Seorang perempuan dengan jaket produksi TV dan kamera kecil di dada mendekat—Nadia Maharani, teman dekat Dinata Maharani alias Asvara. Matanya menelusuri wajah para pengungsi.
"Astaga... jadi ini benar. Desa itu diserang entitas yang katanya cuma legenda."
Liana mengangguk.
"Dan Closer sedang terlibat langsung di garis depan. Bersama mereka yang sekarang dikenal sebagai Mystic Guard."
Nadia menelan ludah.
"Kalau dia sampai turun langsung, ini lebih buruk dari semua tayangan dokumenter gua."
Sosok mencolok lain melangkah dari arah kendaraan militer—Torque Queen, teman lama Hellhowl. Dengan gaya nyentrik, jaket kulit kuning mengkilap, dan sarung tangan kinetik, ia tertawa keras melihat suasana.
"Hellhowl tuh keras kepala, tapi kalau dia lawan iblis beneran... Gua harus ikut. Band gua batal konser, jadi gua punya waktu buat nendang pantat iblis."
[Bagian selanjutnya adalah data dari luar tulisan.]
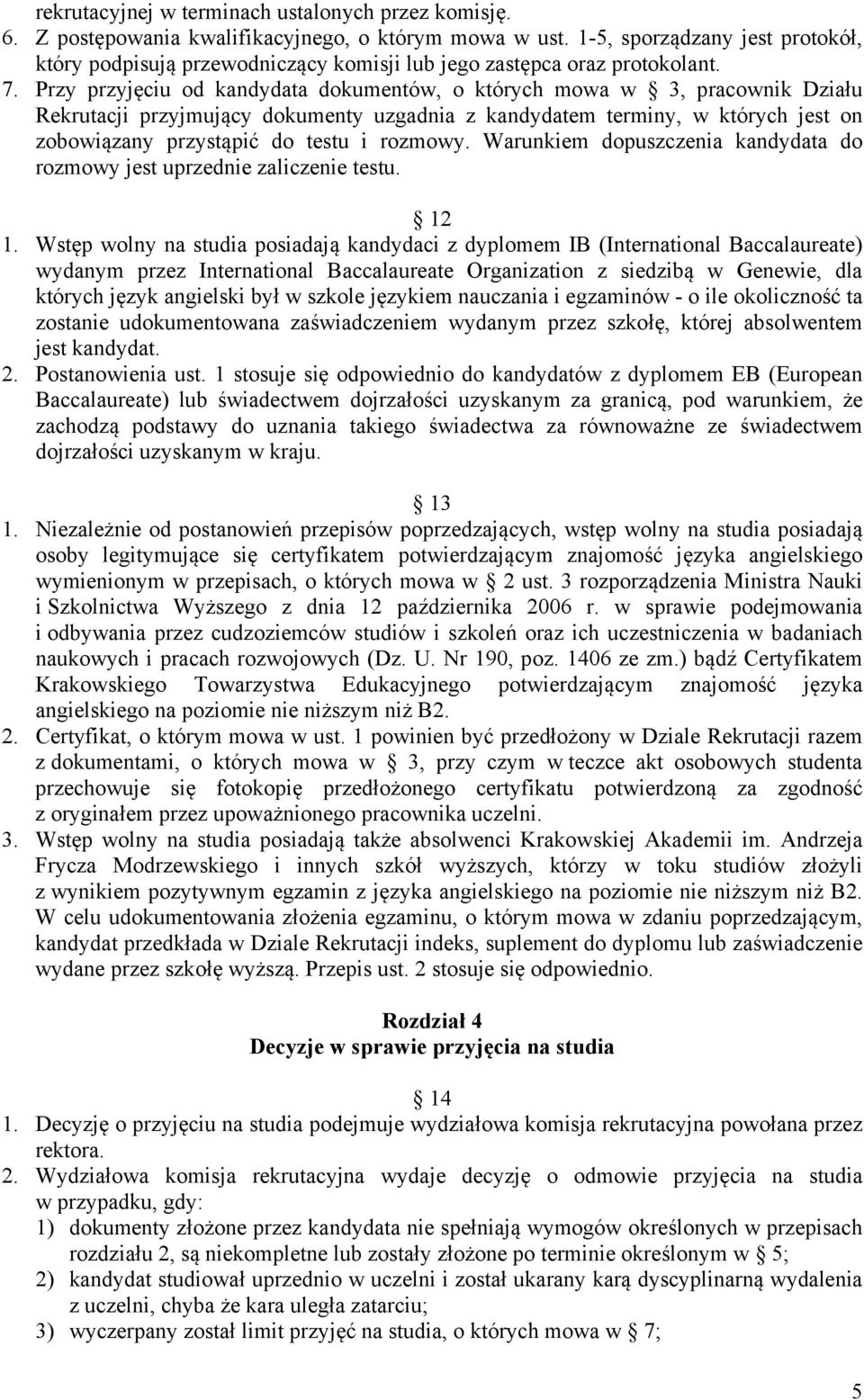 Przy przyjęciu od kandydata dokumentów, o których mowa w 3, pracownik Działu Rekrutacji przyjmujący dokumenty uzgadnia z kandydatem terminy, w których jest on zobowiązany przystąpić do testu i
Terakhir muncul Harlottica, alias Tika, perempuan dengan kulit legam dan aura kristal ungu di sekujur lengan. Ia berdiri tenang, seperti patung logika.
"Kalau Yama sudah kehilangan kendali, artinya ini sudah kelewat batas."
Ia menatap Uwa Dargo dan warga lain.
"Kita harus bantu Mystic Guard dari sisi ini. Jaga semangat warga. Dan siap saat mereka butuh bantuan kedua."